### Exercise aim
All that should be output is the block of lines below from the line with "Plage Pombonne'in fotoğrafı" to the line with "6586 Meadowridge Drive", both included, exactly as written.

### Source material

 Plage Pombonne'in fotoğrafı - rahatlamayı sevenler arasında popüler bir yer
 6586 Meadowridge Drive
---
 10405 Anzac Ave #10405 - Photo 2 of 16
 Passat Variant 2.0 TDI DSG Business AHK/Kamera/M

### Task solution
 Plage Pombonne'in fotoğrafı - rahatlamayı sevenler arasında popüler bir yer
 6586 Meadowridge Drive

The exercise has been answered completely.